Thursday, April 3, 2014

Touching the Past

Unidentified women on one of the promenade decks
 of what we believe is the RMS Lusitania.
The glass slides are stereoscopic, to be used
 in a stereoscopic viewer for a 3D effect
Don’t tell anyone, but the oldest thing I've ever touched was a 3,000 year old Assyrian relief. It was worth it. You could still see some of the original paint in the cracks and cuneiform covered it. At one time that panel, and its fellows, were brilliantly painted and adorned the walls of a palace.  
The majority of old things that I’m familiar with are much more recent than those stone reliefs, but I still have a similar thrill when I handle them.

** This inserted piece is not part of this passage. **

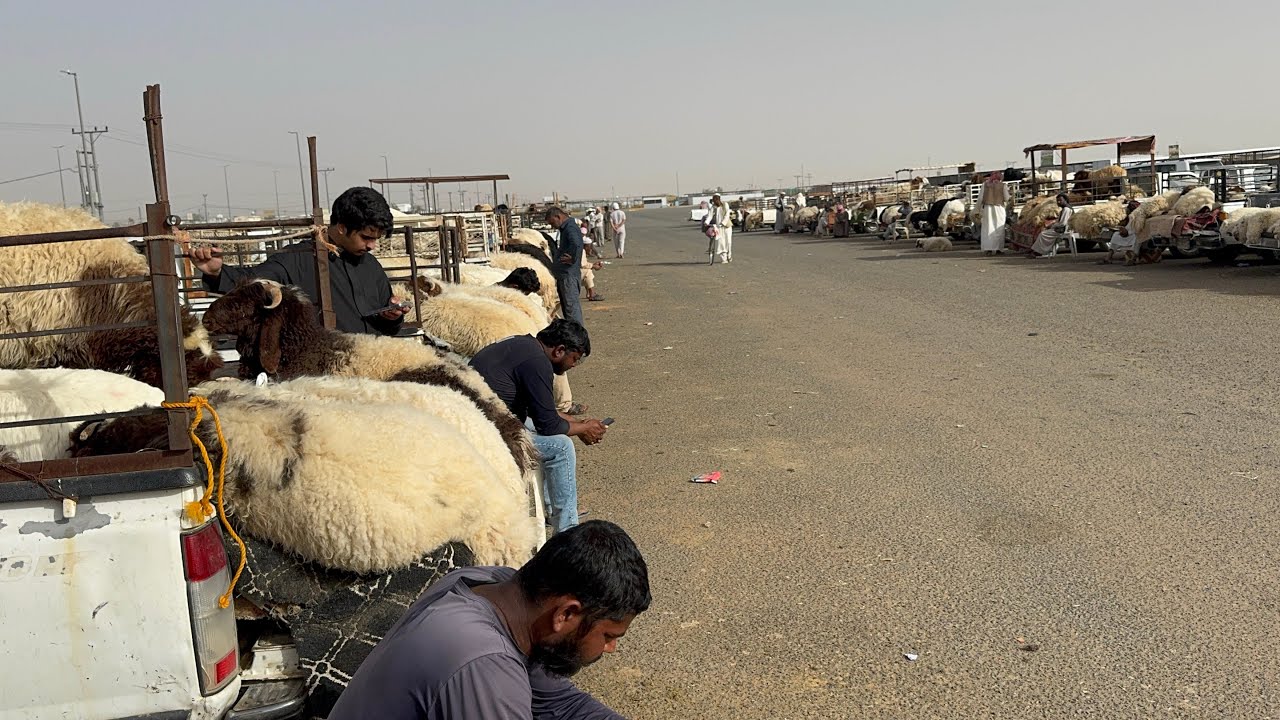 أسعار الحلال بتفريد 🐏قبل رمضان 🔥🔥🔥 استفيدو من المقطع 🔥🇸🇦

Not long ago, we came into possession of a box full of hundreds of glass slides taken by my great-great uncles at the turn of the last century. They’re more than a hundred years old and depict a lost time that we will never see again. Holding them up to the light transports you suddenly into the past in a way that I can’t describe.
We know my great-great uncles were prolific travelers, sometimes crossing the Atlantic more than once a year for business. They traveled first class, stayed at the finest hotels, and one of them even went as far as Algeria and Spain. Those were the days of globetrotting.
Postcard of the Lusitania my uncle sent just before his departure from New York.
He writes: Just a line to say au revoir. Hope all is well during my absence. Oct 21, 1908. 
Unfortunately, my great-grandmother, who collected the slides and letters and postcards, had an odd way about her. She often labelled things wrong and instead of keeping the letters they sent home, she only clipped the insignia of the hotels they stayed at out of the top of the letters and threw the rest away. She was a strange one.
However, as we've been scanning the slides, we've been able to do a bit of detective work of our own. Sometimes there are words in the pictures…the names of hotels, the name of a ship on a life preserver, street names…things like that. Slowly, we've been able to piece together the places that my great-uncle visited back in the years before the Great War.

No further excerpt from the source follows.